It’s all fair game. Every memory of the past, all the shoes I’ve ever worn, the railroad tracks where I used to place nickels and dimes for the wheels of approaching trains. Even the memories not mine. My father not going to art school and instead the military. My mother’s piano lessons at age six. My great grandmother’s decision to marry at age fourteen (or younger?).
Somewhere in the dark night sky a cloud floats past and says nothing. That cloud can see things I cannot when I sit here and pick my dinner from my teeth, thinking about the diapers that need to be washed, what projects I’ll accomplish tomorrow.

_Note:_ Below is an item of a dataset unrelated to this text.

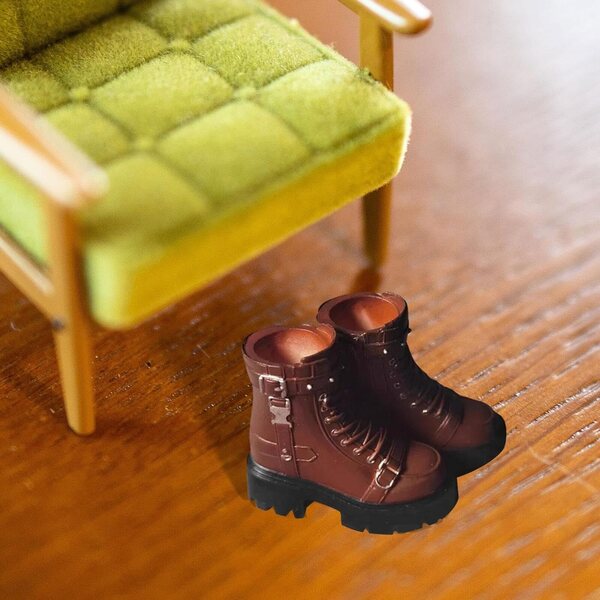 Braune Stiefel für 1/6 Puppen – Schuhzubehör für 12 Zoll große weibliche Figuren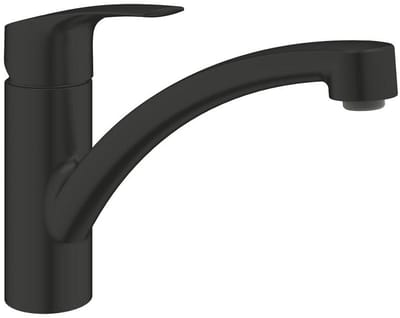 Grohe Eurosmart 1-Gats Keukenkraan M. Lage Draaibare Uitloop Uitloop 22.7Cm Mat Zwart 332812433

Tonight a good friend called on the phone. I listened to his words and looked at five photographs taped together to create a panoramic view of an Alaskan mountain top. I took those photos years ago while working as a Youth Conservation Corp crew leader in Southeast Alaska. He spoke of the Truths of life as he saw them, the truths that had been below the surface of my thoughts all day. Our conversation expanded and floated into the clouds in the photograph. I felt like I could see a part of myself so clearly, and how everything in my life and the lives of everyone everywhere had conspired to make this seeing-of-myself, in this moment, possible.
And that is how it is. These things could be better said in a poem. Or better sensed in a poem. But sometimes I like it messy. Sometimes I like to dump the contents of my book bag onto a table. Coins, receipts, phone numbers, coupons, and grit from living life with two hands, two feet.